→ Information supplied
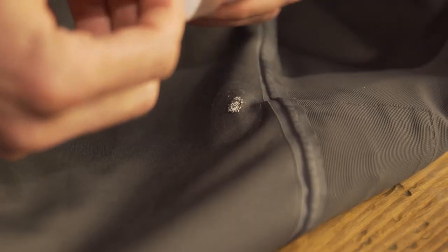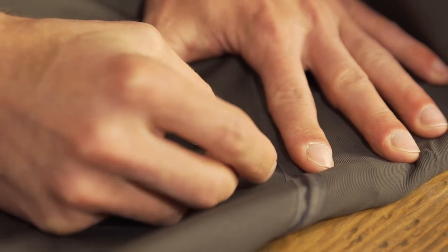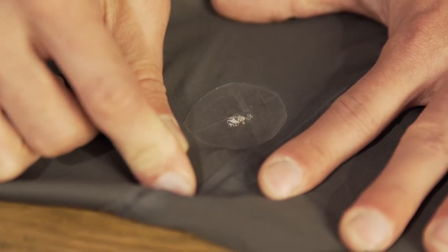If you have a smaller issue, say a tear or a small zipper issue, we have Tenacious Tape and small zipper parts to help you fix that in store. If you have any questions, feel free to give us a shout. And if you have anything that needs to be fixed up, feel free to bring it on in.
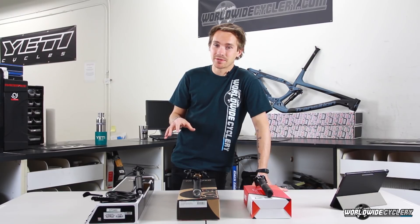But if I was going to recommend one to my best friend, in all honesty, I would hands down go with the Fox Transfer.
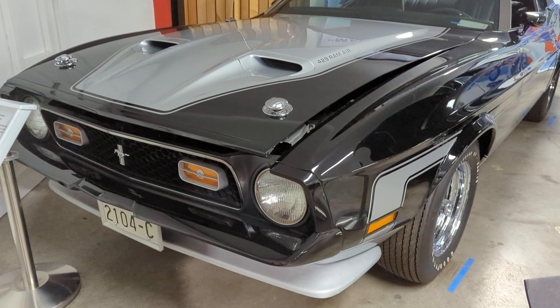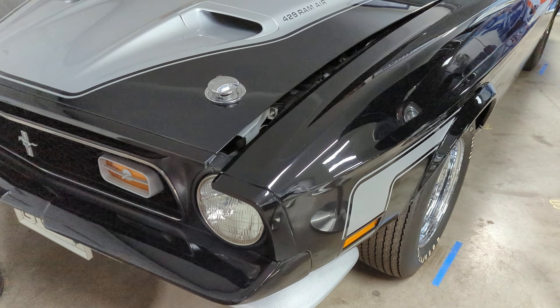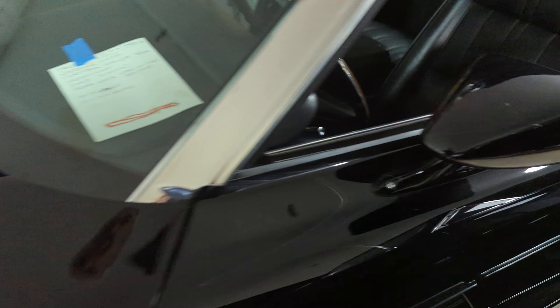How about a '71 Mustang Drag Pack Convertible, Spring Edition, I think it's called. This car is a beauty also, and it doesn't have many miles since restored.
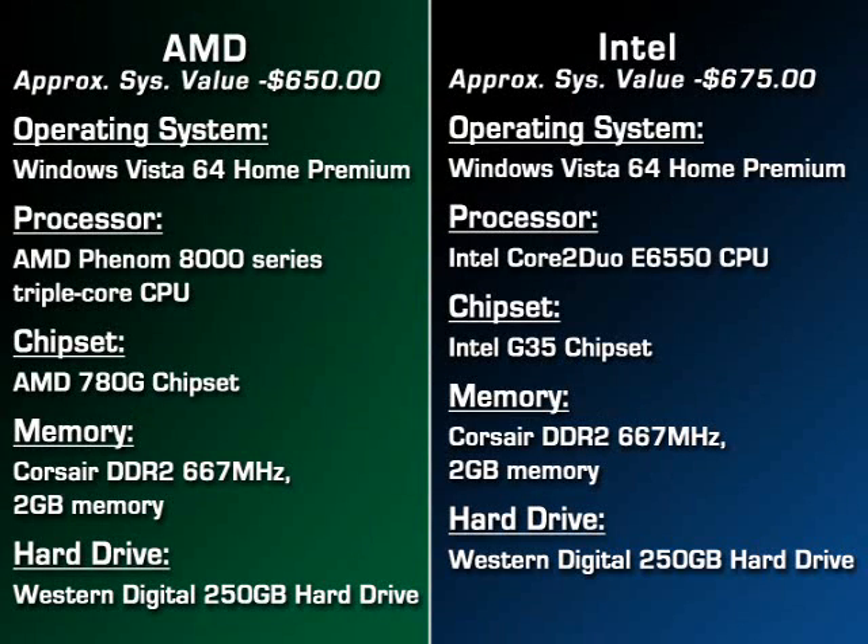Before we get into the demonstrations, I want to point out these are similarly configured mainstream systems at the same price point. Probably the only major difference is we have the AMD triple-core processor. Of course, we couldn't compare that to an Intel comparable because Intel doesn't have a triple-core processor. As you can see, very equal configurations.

→ About this exercise
Omit every picture, then repeat the remaining data exactly as it appears above.

→ Output below
If you have a smaller issue, say a tear or a small zipper issue, we have Tenacious Tape and small zipper parts to help you fix that in store. If you have any questions, feel free to give us a shout. And if you have anything that needs to be fixed up, feel free to bring it on in.
But if I was going to recommend one to my best friend, in all honesty, I would hands down go with the Fox Transfer.
How about a '71 Mustang Drag Pack Convertible, Spring Edition, I think it's called. This car is a beauty also, and it doesn't have many miles since restored.
Before we get into the demonstrations, I want to point out these are similarly configured mainstream systems at the same price point. Probably the only major difference is we have the AMD triple-core processor. Of course, we couldn't compare that to an Intel comparable because Intel doesn't have a triple-core processor. As you can see, very equal configurations.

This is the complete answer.